Modalità di comunicazione
In generale, il trasferimento non è soggetto ad alcun requisito formale e può essere comunicato anche oralmente. Ciò è di frequente superato dalla contrattazione collettiva che impone la forma scritta per la comunicazione e per l’indicazione dei motivi e talvolta prevede anche un obbligo di preavviso. Il datore di lavoro non è obbligato a fornire subito le motivazioni del trasferimento, ma se il lavoratore le richiede, è tenuto a fornirle, provandone l’esistenza e la fondatezza.
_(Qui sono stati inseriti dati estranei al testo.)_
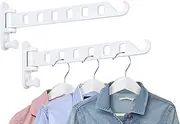 SKIKEN White Laundry Drying Rack with Swing Arm, Wall Mounted Clothes Hanging Rack, Swing Away, Folding Valet Hook, Sturdy Coat Hanger Holder for Laundry Closet (2-Pack, White)
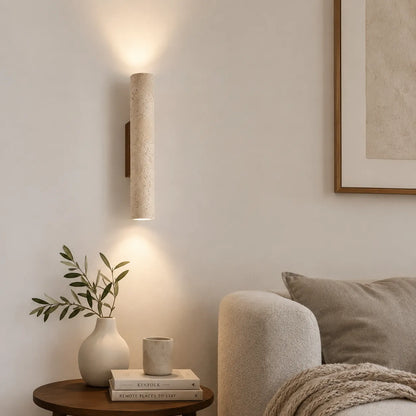 Travertine Cylinder Wall Light with Clean Profile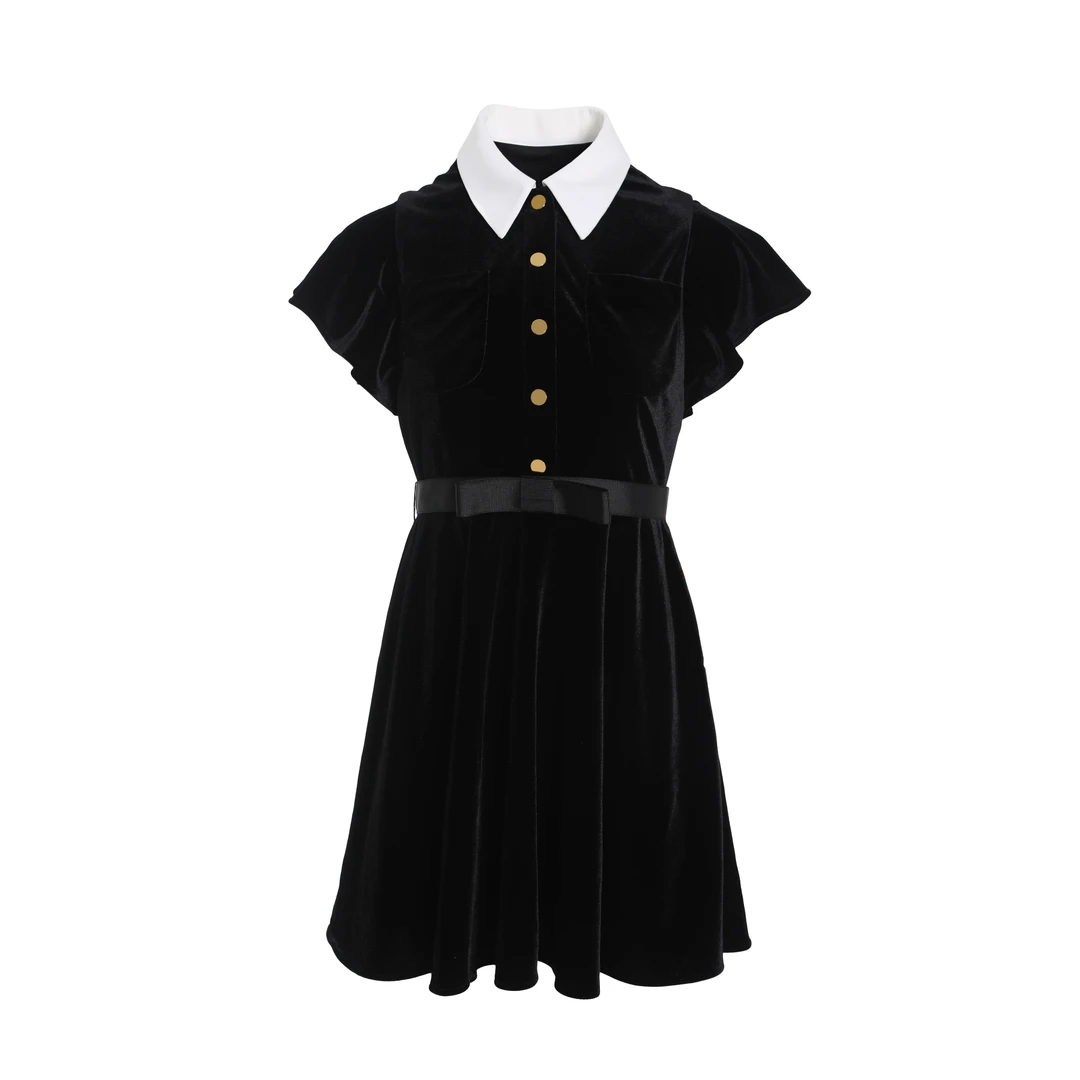 0044女装连衣裙显瘦气质时尚小黑裙黑色收腰法式夏季复古连衣裙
Rifiuto del trasferimento: quando è lecito
Un trasferimento legittimo non può essere rifiutato dal lavoratore: un eventuale rifiuto ingiustificato potrebbe configurare, secondo la giurisprudenza di legittimità, il rischio di una causa di licenziamento per giustificato motivo soggettivo.
Se il lavoratore ritiene che il trasferimento sia illegittimo, pur avendo la facoltà di impugnarlo formalmente nelle sedi previste, è comunque tenuto ad eseguire la prestazione lavorativa, in attesa della definizione della controversia.
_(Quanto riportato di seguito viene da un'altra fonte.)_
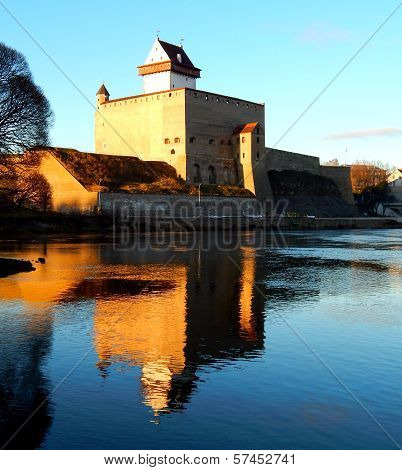 Narva castle in Estonia with reflection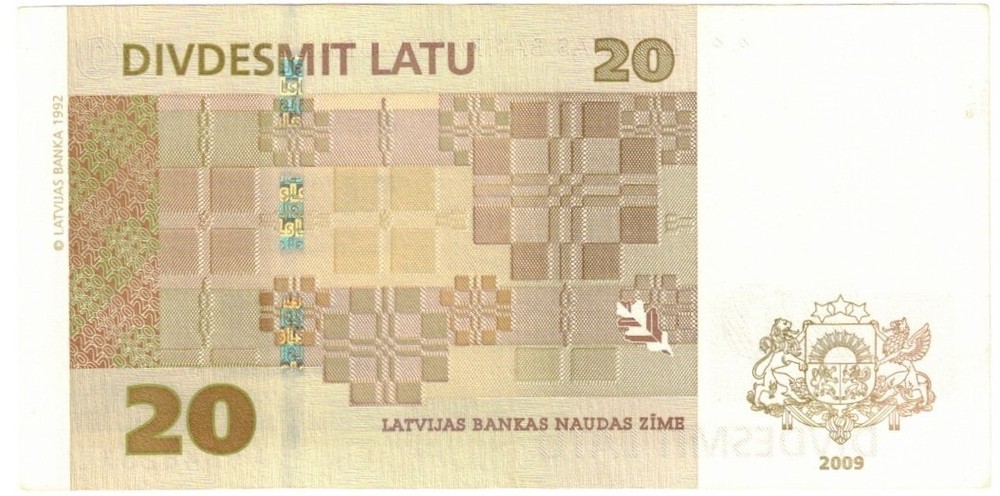 Latvia 20 Latu 2009 EF/aUNC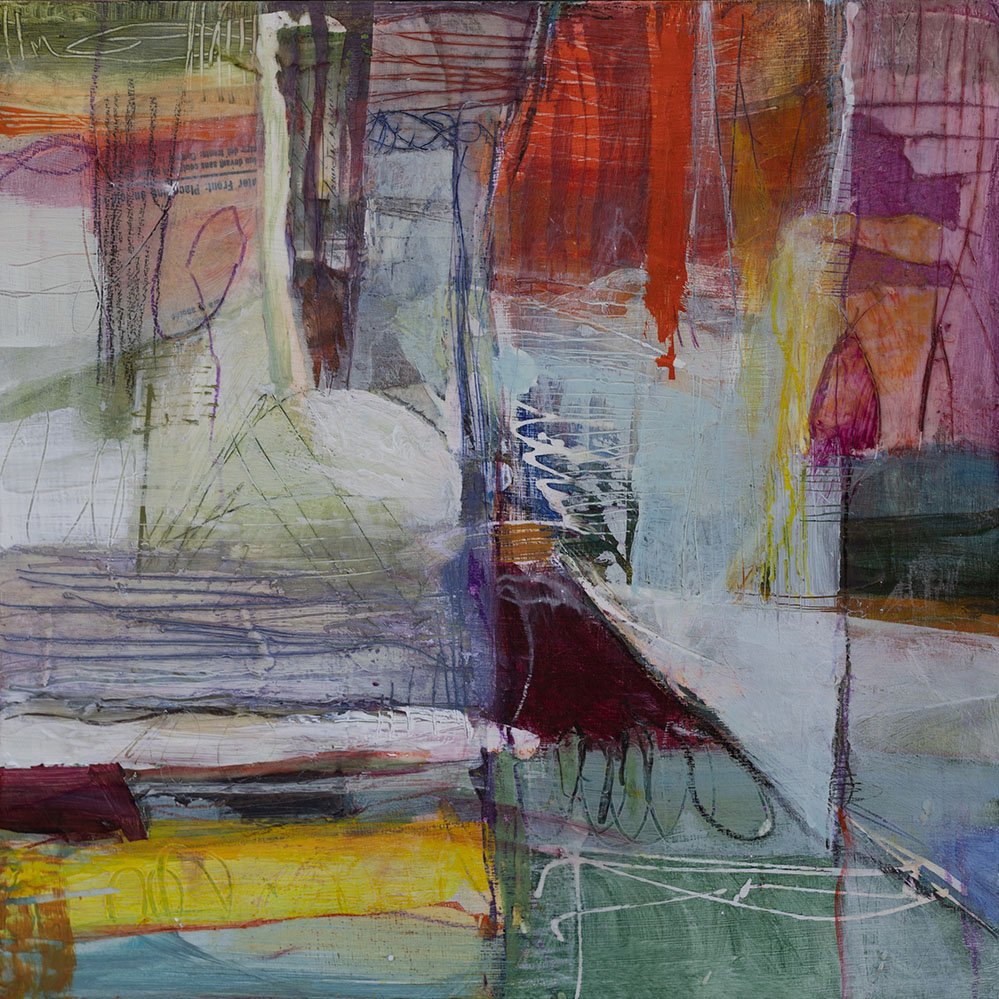 "Corajuda," Acrylic, beeswax and collage on panel, 12 x 12 inches, sold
Trasferimento come causa di dimissioni
Qualora il trasferimento comporti uno spostamento ad altra sede della stessa azienda distante oltre 50 km dalla residenza del lavoratore e/o mediamente raggiungibile in 80 minuti o oltre con i mezzi di trasporto pubblici, il lavoratore è legittimato a rassegnare le proprie dimissioni, configurandosi tale fattispecie come causa involontaria di disoccupazione, con la conseguenza che il lavoratore dimissionario avrà diritto a percepire l’indennità Naspi, così come chiarito da INPS con il messaggio n. 369 del 26 gennaio 2018.
La domanda di NASPI presentata dal lavoratore dimissionario per giusta causa verrà accolta dall’istituto previdenziale in via provvisoria: in un secondo momento l’istituto chiederà al percettore dell’indennità la documentazione attestante la sua volontà di “difendersi in giudizio” nei confronti del comportamento del datore di lavoro (allegazione di diffide, esposti, denunce, citazioni, ricorsi d’urgenza ex articolo 700 c.p.c., sentenze ecc. contro il datore di lavoro, nonché ogni altro documento idoneo). Laddove l’esito della lite dovesse escludere la ricorrenza della giusta causa di dimissioni, l’INPS procederà al recupero di quanto pagato a titolo di NASPI (Circ. Inps n. 163/2003).